→ **YOUR OBJECTIVE**: Transcribe exactly the lines below that begin at the line with "Brown Monkey Holding Yellow Corn" and stop after the line with "谁说哈士奇不能当警犬？看民警们五天训练成警犬", leaving out every picture.

[Opening ENTRIES SUPPLIED section]

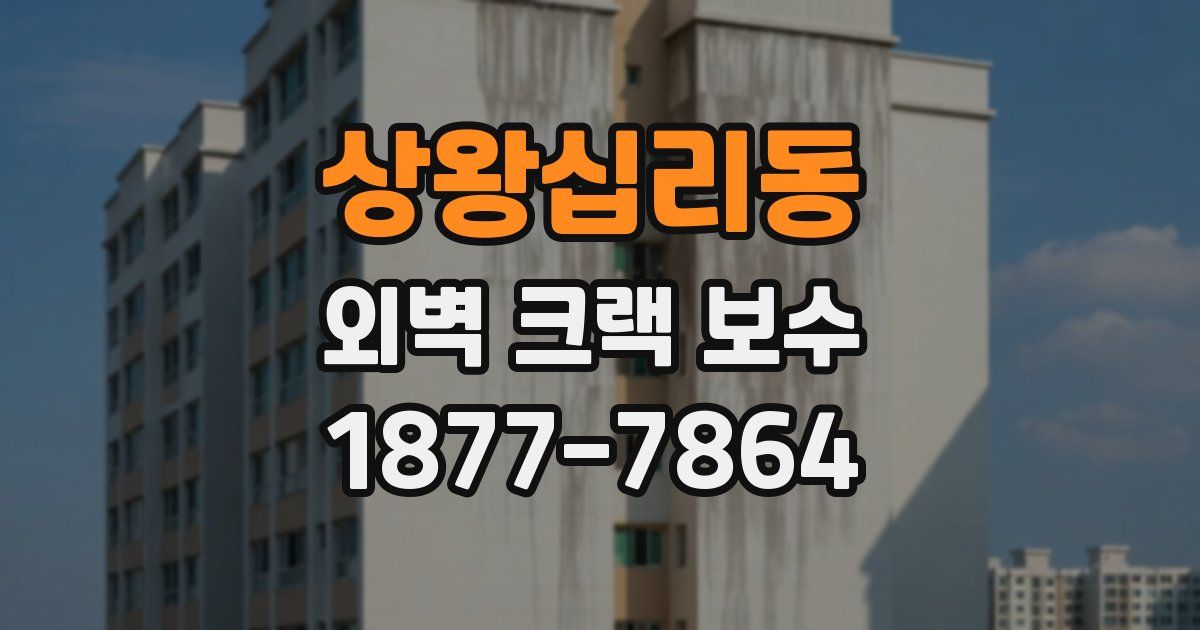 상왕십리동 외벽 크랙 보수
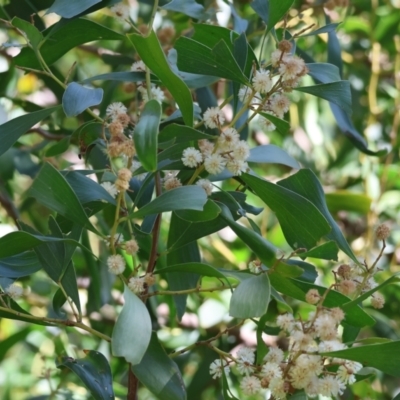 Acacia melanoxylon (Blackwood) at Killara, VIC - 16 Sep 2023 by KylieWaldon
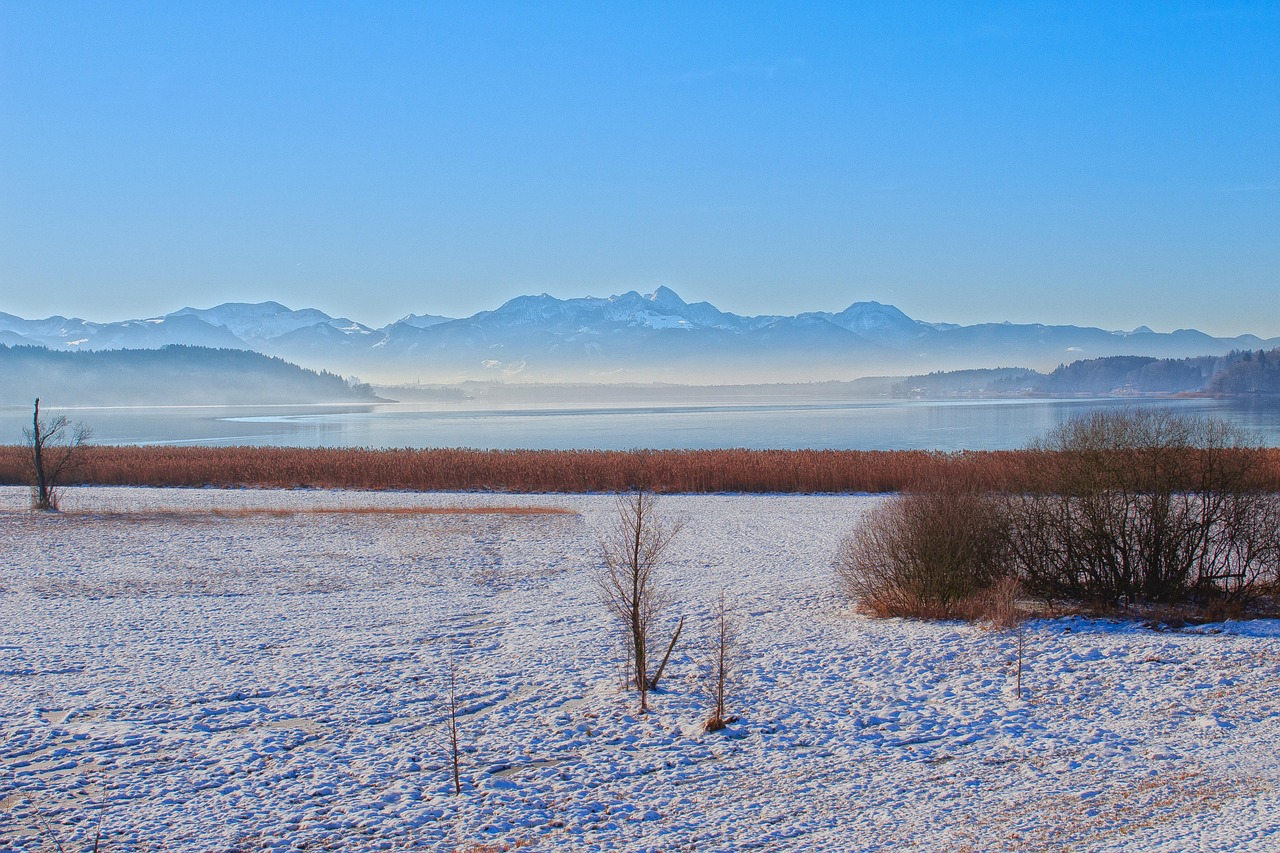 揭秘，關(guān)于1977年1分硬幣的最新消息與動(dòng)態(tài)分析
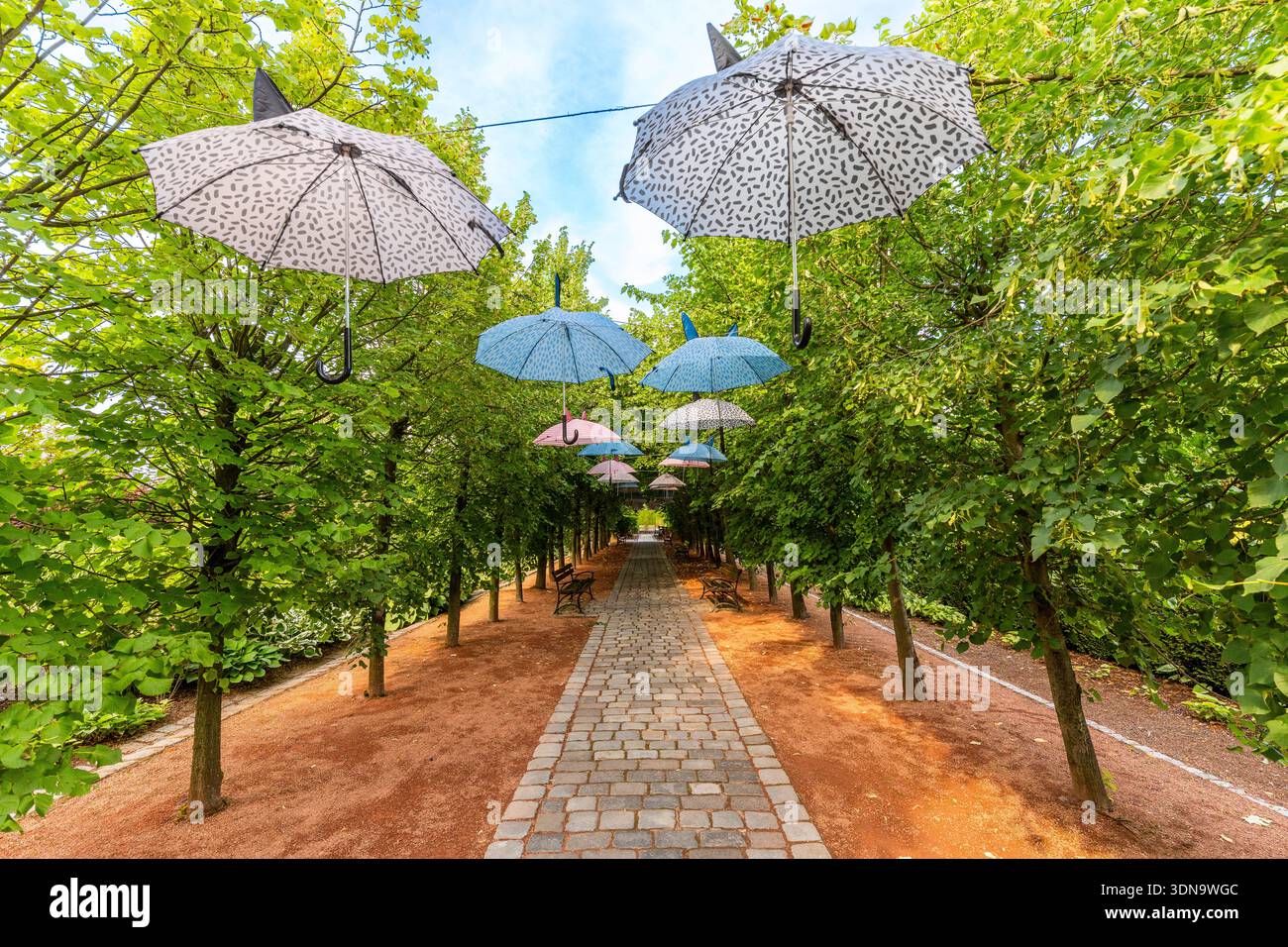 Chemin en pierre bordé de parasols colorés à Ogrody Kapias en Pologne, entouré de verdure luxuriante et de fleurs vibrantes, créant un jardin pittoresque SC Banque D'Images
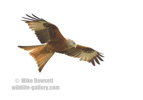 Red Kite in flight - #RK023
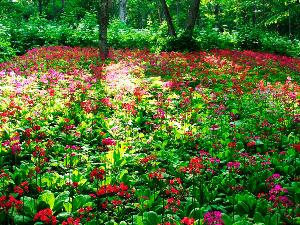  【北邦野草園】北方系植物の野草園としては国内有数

[Closing ENTRIES SUPPLIED section]
[Opening ENTRIES SUPPLIED section]

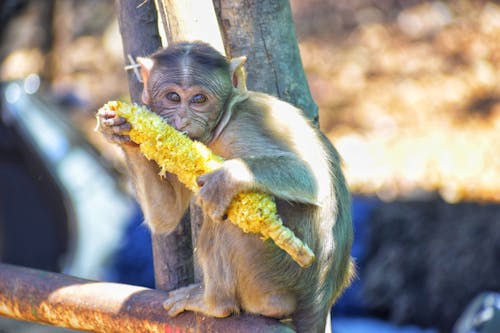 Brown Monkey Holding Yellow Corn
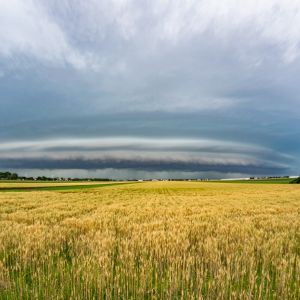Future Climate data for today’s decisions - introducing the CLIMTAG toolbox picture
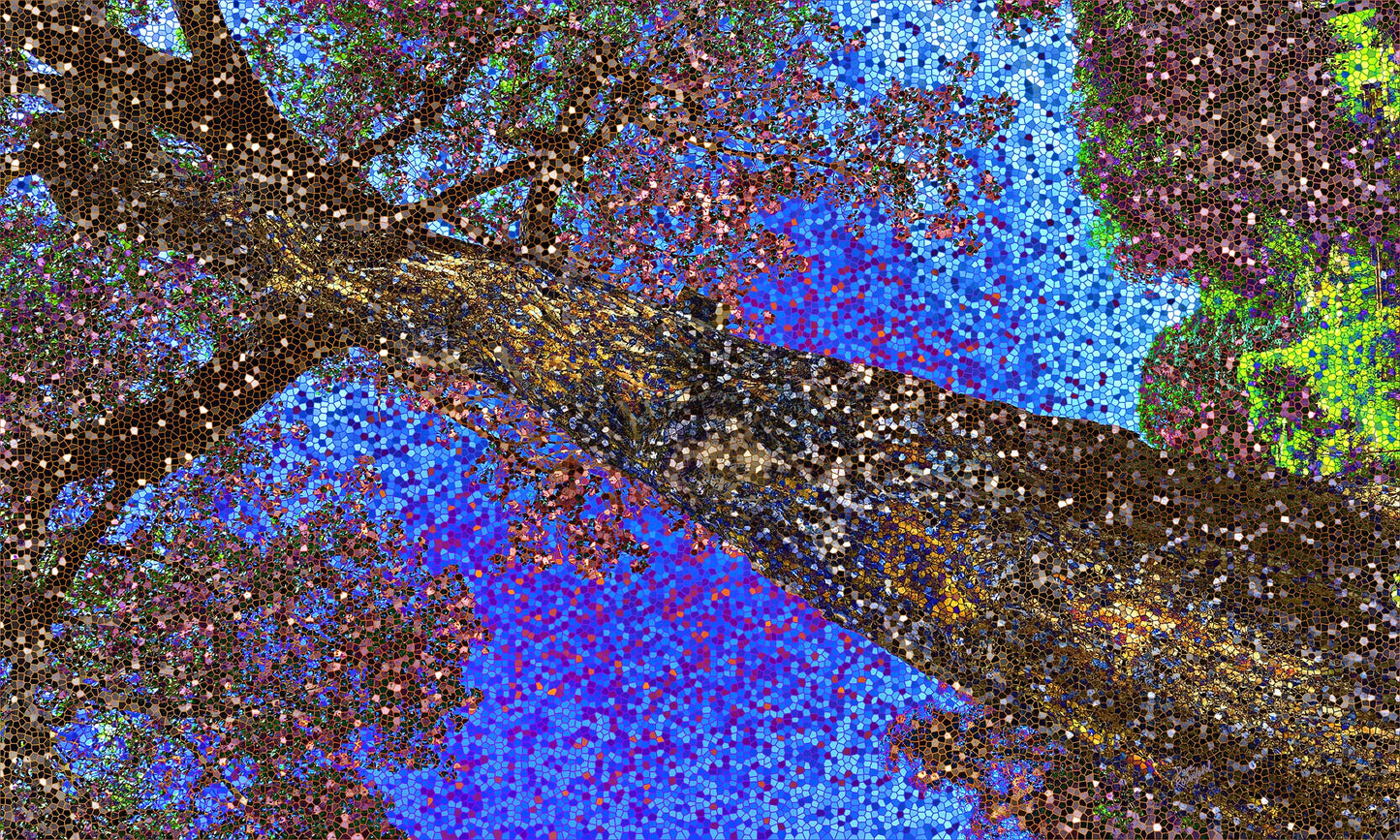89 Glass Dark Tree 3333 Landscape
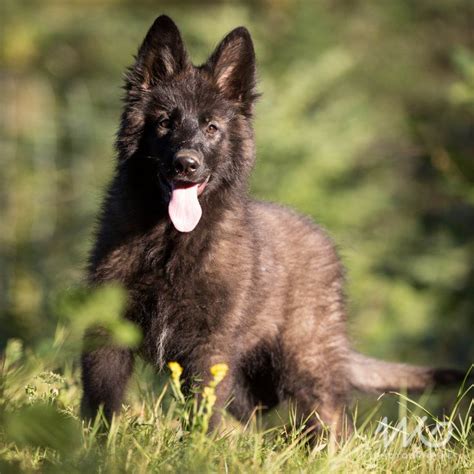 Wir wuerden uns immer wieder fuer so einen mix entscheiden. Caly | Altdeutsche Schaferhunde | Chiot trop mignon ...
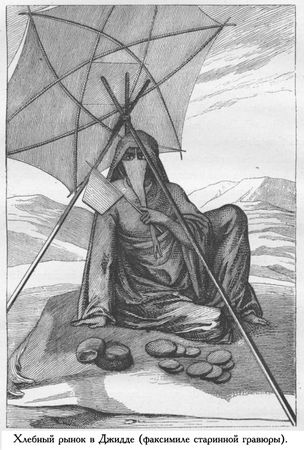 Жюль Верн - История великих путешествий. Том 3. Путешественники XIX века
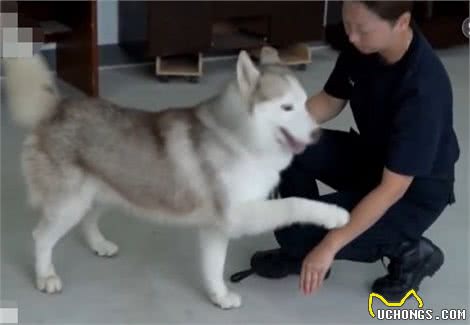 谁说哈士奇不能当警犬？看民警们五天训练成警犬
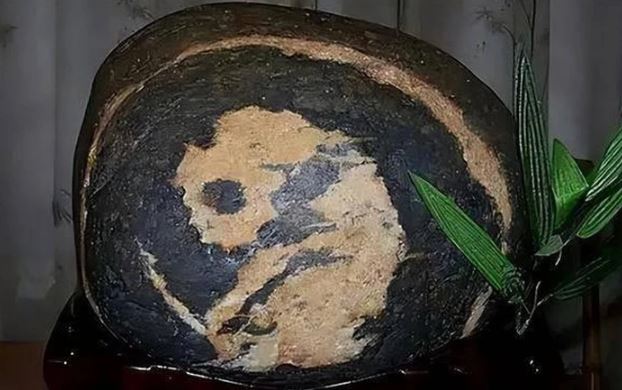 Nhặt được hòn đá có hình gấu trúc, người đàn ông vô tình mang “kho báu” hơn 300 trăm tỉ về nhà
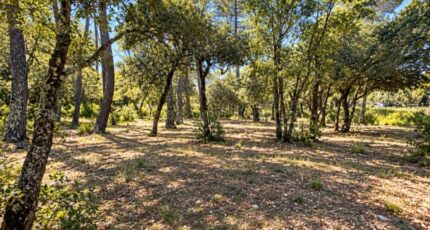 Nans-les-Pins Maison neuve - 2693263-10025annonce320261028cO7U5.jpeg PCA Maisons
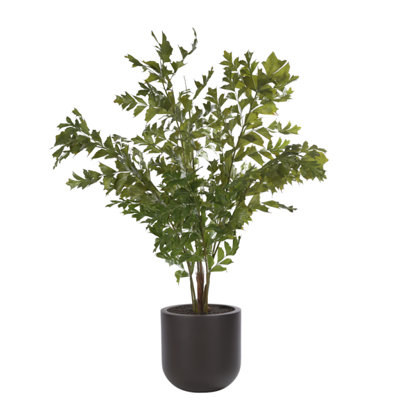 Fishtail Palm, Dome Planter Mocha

[Closing ENTRIES SUPPLIED section]

→ **RESPONSE AREA**:
 Brown Monkey Holding Yellow Corn
Future Climate data for today’s decisions - introducing the CLIMTAG toolbox picture
89 Glass Dark Tree 3333 Landscape
 Wir wuerden uns immer wieder fuer so einen mix entscheiden. Caly | Altdeutsche Schaferhunde | Chiot trop mignon ...
 Жюль Верн - История великих путешествий. Том 3. Путешественники XIX века
 谁说哈士奇不能当警犬？看民警们五天训练成警犬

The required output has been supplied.